**Given records**.
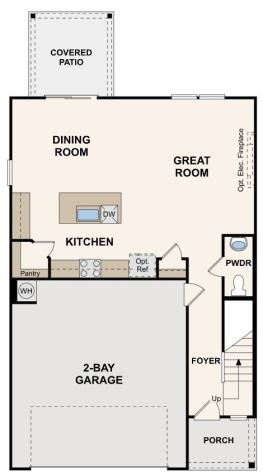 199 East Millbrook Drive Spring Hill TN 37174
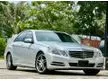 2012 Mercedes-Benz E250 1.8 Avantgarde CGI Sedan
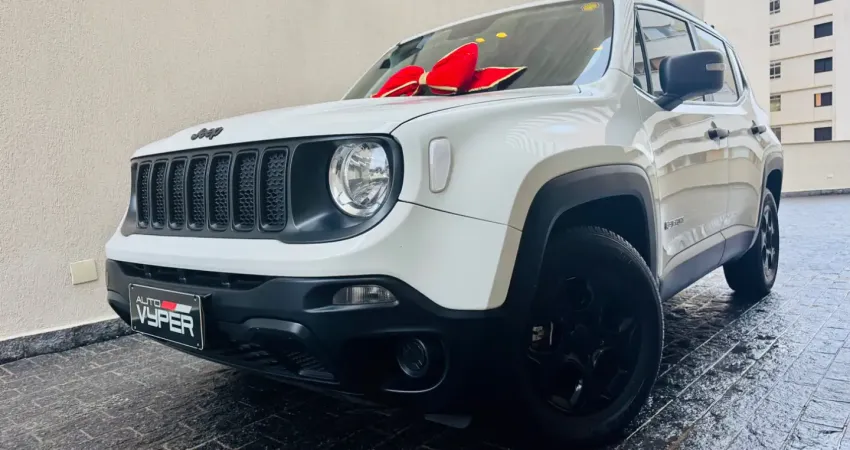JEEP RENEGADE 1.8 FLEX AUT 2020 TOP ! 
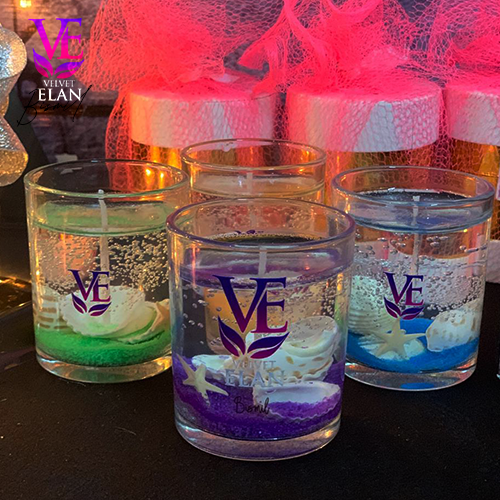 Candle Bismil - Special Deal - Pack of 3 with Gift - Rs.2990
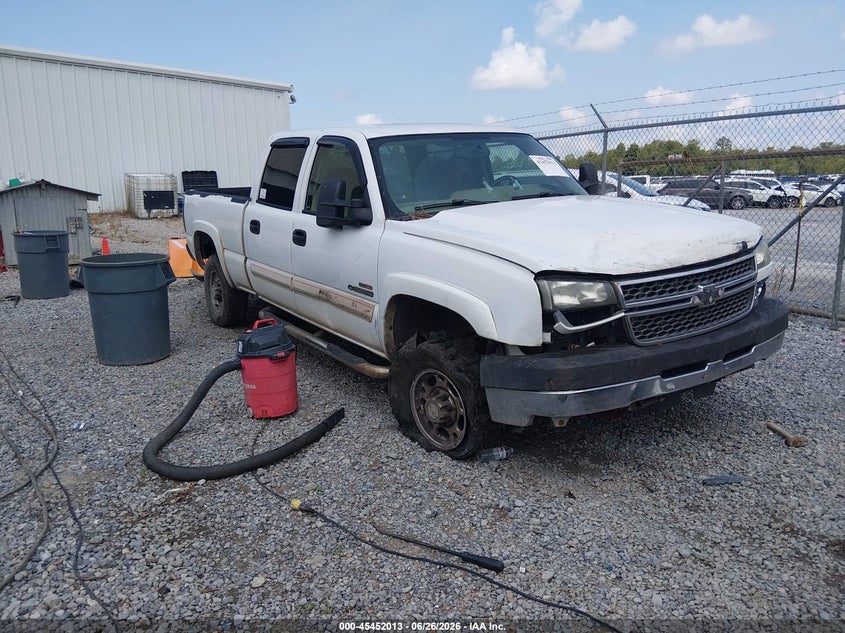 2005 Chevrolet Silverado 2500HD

==

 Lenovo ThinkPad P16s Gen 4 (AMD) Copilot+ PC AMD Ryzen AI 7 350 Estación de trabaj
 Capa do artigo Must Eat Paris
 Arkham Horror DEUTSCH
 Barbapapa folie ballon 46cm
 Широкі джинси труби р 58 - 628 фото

...

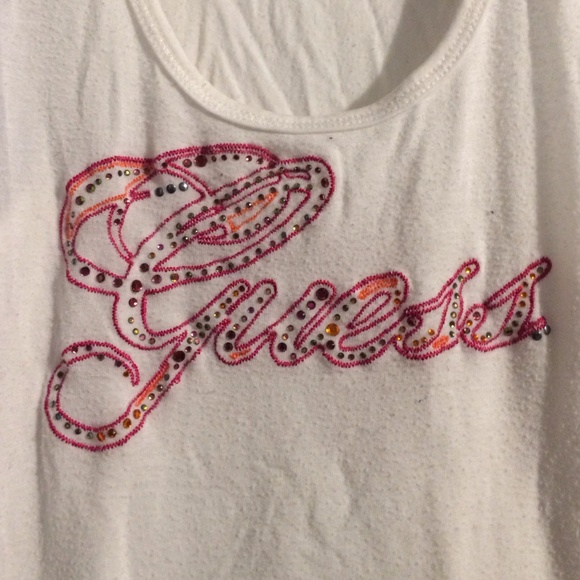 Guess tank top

**Activity**. Pictures aside, return exactly the lines from the data above, starting at the line that has "Candle Bismil - Special" and ending at the line that has "2005 Chevrolet Silverado 2500HD", both included.

**Written answer**.
 Candle Bismil - Special Deal - Pack of 3 with Gift - Rs.2990
 2005 Chevrolet Silverado 2500HD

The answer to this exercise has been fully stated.